What are some of the various forms of prejudice which feature in “The Adventure of the Yellow Face”?
The most obvious form of prejudice is that of racial prejudice, or racism, which Effie fears from the community, and most notably, her husband. Effie’s fear of racism is the underlying motive for the concealment of her daughter behind the yellow mask. Ironically, this fear leads Effie into a form of prejudice against her husband, assuming the worst about him despite his apparent noble character. Holmes himself exhibits prejudice of facts by jumping to conclusions based on erroneous deductions.
How can the “yellow face”, which features heavily in the story, be seen as a red herring?
The reader, like Holmes, cannot help but notice the connection between Effie’s late husbands’ “yellow fever”, and the distorted face in the window. The reader inaccurately surmises that the face in the window is Effie’s former husband, “returned from the grave” in a sense to blackmail her. The description of the face, with its unnatural hue and rigidity of features, leads one to believe it belongs to some odious creature who holds some power over Effie.

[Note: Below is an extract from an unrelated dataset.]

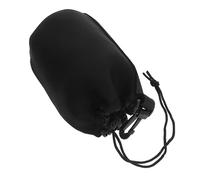 KOMBIUDA Étui de Protection Antichoc pour Objectif Photo Pochette de Rangement pour Appareil Photo Taille L Matériau Flexible et Résistant Étui Imperméable Sacoche de Voyage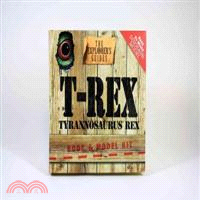 T-Rex Book & Model Kit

What is the significance of Holmes’ whispered comment to Watson at the end of the story?
Holmes is often depicted as the ultimate thinking machine, incapable of error. The reader may draw some small satisfaction in finding that even Holmes is capable of human mistakes, and further that he is willing to admit so. The deeper message to Holmes’ comment is that we all are capable of mistaken judgment, or prejudice, and must be willing to own up to our faults.